Every prompt-injection incident is intelligence — for you (this content reached this surface), for your vendor (this attack pattern slipped past their defenses), and for the broader ecosystem (other organizations face the same surface). Have an incident playbook: stop the run immediately, preserve the conversation and tool-call logs, identify which content surface delivered the payload, rotate any credentials that were in scope, and report to the vendor's security channel. Anthropic accepts reports at security@anthropic.com and through the in-app feedback button; competitors have similar channels. Reports feed back into model training and content classifiers — the defenses everyone gets sharper because of your report.
- Pre-defined playbook: stop, preserve, identify, rotate, report
- Stop first, investigate second — gathering more evidence during the attack worsens the blast radius
- Preserve full conversation history and tool-call audit log before clearing the session
- Identify the entry surface (which document/page/message carried the payload)
- Report upward to the AI vendor and downward to your team for shared learning
Limitations: Most teams do not have an incident playbook for AI agents the way they do for traditional security incidents. Build it before you need it. The first incident is a bad time to figure out who to call.

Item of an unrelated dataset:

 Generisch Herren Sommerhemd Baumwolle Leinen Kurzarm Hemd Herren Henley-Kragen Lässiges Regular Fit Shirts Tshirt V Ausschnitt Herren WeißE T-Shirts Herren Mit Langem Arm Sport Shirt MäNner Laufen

Tagged delimiters are a starting line, not a defense in themselves
| Defense | Layer | Cost to implement | Coverage |
|---|---|---|---|
| Limit input surface | Input | Low at design time, high to retrofit | Highest — eliminates whole classes |
| Tagged/structured inputs | Prompt | Low | Medium — raises the bar but bypassable |
| Capability restriction | Architecture | High — requires splitting agents | Highest — bounds blast radius regardless of input |
| Scoped credentials | Identity | Medium — platform-dependent | High where granular scopes exist |
| Human-in-the-loop gates | UX | Low to implement, high in user friction if over-applied | High where applied; fatigue kills it if over-applied |
| Output filtering | Action | Medium — requires validators per action type | High for closed-vocab actions, lower for open-vocab |
| Content provenance | Architecture | High — framework-dependent | Prerequisite for several other defenses |
| Sandboxing | Infrastructure | Medium | High for software-mediated tools, low for computer-use |
| Monitoring | Detection | Medium — log + dashboard | Reactive — does not prevent |
| Incident response | Process | Low — written playbook | Minimizes blast radius of incidents that happen |
Stack at least one input-layer, one architecture-layer, and one process-layer defense
A useful minimum for any agent: narrow the input (what content does the agent actually need?), restrict the capability (what actions can it take given that content?), and have an incident playbook (what do you do when the first two fail?). Three layers, one from each tier. Add UX gating, output validation, and monitoring as the consequence of the workflow rises. Skip none of the three baseline layers — they cover the most attack surface for the least cost.